10 months… I can’t believe that it was 10 months ago that my entire life changed forever!
Finding out I was BRCA+ happened months before the actual surgery and yes my life changed then, but as soon as I was on the surgery table… THAT is the moment it had truly really changed!
If I think back to the day I found out I was BRCA+, parts of me still ask, why me? And this week, I asked myself that question again, why me? Why with a 50% chance of having it, was mine a yes?… I immediately stopped myself and said… because you are doing something with it and because of it! I went through this journey for a reason! To give back to a community or even 1 person out there, with my story and my knowledge and my gifts of kindness or even just my thoughts.

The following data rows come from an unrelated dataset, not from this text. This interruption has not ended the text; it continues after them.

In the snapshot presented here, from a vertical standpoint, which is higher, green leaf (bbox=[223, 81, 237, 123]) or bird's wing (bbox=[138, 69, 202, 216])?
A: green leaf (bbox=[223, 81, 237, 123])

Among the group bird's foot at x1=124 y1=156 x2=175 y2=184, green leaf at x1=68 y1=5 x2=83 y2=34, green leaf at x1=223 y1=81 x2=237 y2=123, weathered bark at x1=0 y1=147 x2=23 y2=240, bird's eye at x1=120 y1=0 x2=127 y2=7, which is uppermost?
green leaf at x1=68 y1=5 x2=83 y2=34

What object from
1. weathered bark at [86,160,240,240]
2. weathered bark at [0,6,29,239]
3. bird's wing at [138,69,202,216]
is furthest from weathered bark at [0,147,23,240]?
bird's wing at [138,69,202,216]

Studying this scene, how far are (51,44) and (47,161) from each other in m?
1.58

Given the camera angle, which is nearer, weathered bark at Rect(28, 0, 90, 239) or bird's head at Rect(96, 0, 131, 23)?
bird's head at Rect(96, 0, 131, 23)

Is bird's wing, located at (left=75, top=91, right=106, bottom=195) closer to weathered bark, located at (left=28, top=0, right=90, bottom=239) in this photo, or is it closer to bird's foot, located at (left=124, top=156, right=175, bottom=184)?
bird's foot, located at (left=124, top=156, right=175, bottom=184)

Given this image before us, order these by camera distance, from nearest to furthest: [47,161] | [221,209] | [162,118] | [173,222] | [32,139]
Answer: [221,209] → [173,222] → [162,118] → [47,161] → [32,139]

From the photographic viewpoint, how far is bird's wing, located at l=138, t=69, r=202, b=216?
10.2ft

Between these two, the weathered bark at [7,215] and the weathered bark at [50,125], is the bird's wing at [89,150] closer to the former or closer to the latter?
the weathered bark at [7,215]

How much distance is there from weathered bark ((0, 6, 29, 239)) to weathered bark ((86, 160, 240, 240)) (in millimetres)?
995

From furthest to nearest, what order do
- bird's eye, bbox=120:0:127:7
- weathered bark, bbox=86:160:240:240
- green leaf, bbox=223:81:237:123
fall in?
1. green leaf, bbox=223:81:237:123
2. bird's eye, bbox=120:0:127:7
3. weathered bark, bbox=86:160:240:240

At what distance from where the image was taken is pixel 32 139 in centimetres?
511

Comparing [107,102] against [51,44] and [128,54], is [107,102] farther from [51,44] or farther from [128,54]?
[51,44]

I have decided that because of this experience, I want to make a difference in 1 way or another! It is my biggest goal right now!
Anyways… a lot if going on in Megan’s head OK. sorry! lol.

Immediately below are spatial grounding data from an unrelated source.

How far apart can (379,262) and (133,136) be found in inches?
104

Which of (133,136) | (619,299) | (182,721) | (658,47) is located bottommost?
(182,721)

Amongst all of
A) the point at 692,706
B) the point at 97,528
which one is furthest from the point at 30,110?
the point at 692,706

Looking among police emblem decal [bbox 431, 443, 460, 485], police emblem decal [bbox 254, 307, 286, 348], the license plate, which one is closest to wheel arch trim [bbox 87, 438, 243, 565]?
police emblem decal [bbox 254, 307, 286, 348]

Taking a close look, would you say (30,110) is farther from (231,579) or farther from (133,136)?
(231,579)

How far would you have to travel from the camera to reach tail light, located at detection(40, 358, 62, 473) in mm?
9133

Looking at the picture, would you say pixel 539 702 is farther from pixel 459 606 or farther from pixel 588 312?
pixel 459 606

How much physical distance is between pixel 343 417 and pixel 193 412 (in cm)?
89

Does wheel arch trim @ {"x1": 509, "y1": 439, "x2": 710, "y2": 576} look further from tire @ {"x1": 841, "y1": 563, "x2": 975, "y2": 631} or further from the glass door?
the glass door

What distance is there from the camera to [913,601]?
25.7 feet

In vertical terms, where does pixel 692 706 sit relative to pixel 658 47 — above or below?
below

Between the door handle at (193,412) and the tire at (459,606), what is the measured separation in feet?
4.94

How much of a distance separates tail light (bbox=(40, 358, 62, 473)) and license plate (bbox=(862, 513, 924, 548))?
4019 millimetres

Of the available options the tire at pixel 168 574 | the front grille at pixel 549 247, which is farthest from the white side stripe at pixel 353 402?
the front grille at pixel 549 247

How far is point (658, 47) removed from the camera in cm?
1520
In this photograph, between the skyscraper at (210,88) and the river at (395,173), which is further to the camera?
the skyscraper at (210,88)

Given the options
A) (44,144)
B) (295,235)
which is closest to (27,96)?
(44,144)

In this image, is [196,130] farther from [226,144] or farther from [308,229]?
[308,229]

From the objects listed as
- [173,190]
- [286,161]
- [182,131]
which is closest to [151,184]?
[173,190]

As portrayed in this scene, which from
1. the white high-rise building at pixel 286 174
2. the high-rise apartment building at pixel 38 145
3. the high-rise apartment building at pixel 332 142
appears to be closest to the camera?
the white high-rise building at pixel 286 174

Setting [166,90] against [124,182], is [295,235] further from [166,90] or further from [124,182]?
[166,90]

But 10 months ago, I had a preventative double mastectomy. I made the decision to ask a surgeon to take off a part of my femininity, so that I could LIVE! I could be here for a long time without having to go through cancer and chemo. I had the privilege of getting ahead of this disease and taking control of it before it could get to me.
I have been through hell and back the last 10 months! I fell into the deepest depressions I have ever known… I have been bullied by Doctors… I have endured unbelievable amounts of pain.
But you know what… it was all worth it! I found myself a new amazing Doctor and had my exchange surgery on January 23rd! My journey has been a freaking rocky one, but it is worth it, knowing that Breast cancer can go suck it! I have learnt so much about life and people and different industries. I think I may actually be grateful to this journey. It has shaped me into a much stronger person than I ever thought I could be.
I will do a separate post about my exchange surgery and go into more detail, but I wanted to remind myself on why I did this 10 months ago!